A security contractor based in Coffs Harbour has been penalised by the Federal Circuit Court a total of $68,560 for underpaying 14 employees.
Northcoast Security Services Group Pty Ltd (Northcoast Security), which has since been liquidated, along with its two directors Kuldeep Chouhan and Ricky John Nelson, were investigated by the Fair Work Ombudsman for alleged violation of the Fair Work Act in which they underpaid the employees of almost $94,000.
Chouhan and Nelson were fined $32,560 and $36,000 respectively, for their involvement in the security company’s underpayment of its workers. The court also ordered that they pay compensation of $128,678 in respect of underpayments and interest owing, noting that they managed the operations of the security company and were thus responsible for the loss sustained by the workers.

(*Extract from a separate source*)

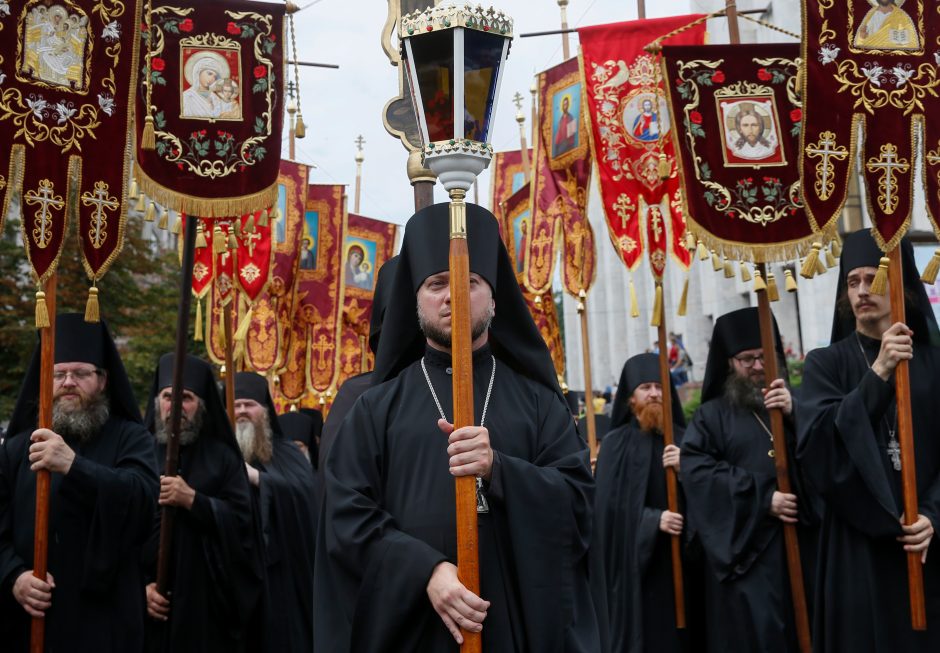 Ukrainoje tūkstančiai žmonių paminėjo šalies krikštą per Maskvos remiamą procesiją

The workers were paid flat rates as low as $18 an hour instead of the around $40 an hour they were entitled to under the Security Services Award 2010 for some weekend, night and overtime work. The company also underpaid broken shift allowances and made unauthorised deductions from employee wages to pay for uniforms and security equipment.

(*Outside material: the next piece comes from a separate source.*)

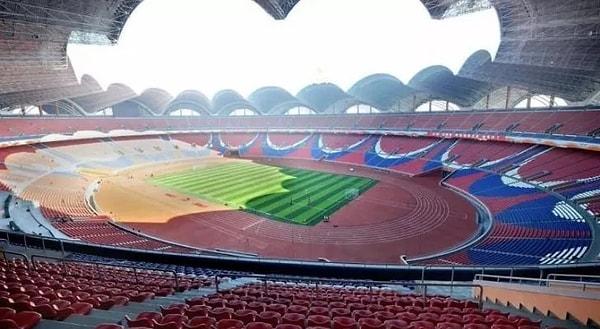 3. Pyongyang'da (Kuzey Kore'nin başkenti) bulunan stadyum dünyanın en büyük stadyumudur.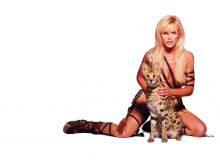 Gena Lee Nolin #619237 picture (Landscape Medium)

The Fair Work Ombudsman commenced proceedings against the security company in 2014. During the proceedings, Northcoast Security argued that the workers were actually employed by two labour hire entities. However, the Fair Work Ombudsman rejected this argument and the Court agreed that Northcoast Security did employ the workers and had contravened the Fair Work Act.
The employees were found to have been issued rosters by Chouhan, wore shirts bearing the logo of Northcoast Security, and completed timesheets bearing the company’s name.
Fair Work Ombudsman Sandra Parker said the penalties and compensation imposed by the Court reflected the deliberate nature of the contraventions.
“Labour hire is a legitimate way to source staff, as long as they are paid correctly,” Parker said. “Unfortunately, some employers seek to use this arrangement unlawfully, to ignore award entitlements and get a competitive advantage over businesses that operate according to the law.
“This judgment should serve as a warning to employers that they will get caught and face significant consequences for their actions, such as orders for significant compensation.”
In setting the penalties, Judge Manousaridis said that the penalty should “signal to employers, and to persons involved in the management of companies that employ persons, that there will be a significant penalty to pay if they do not comply, or take steps necessary to ensure they comply” with the Fair Work Act.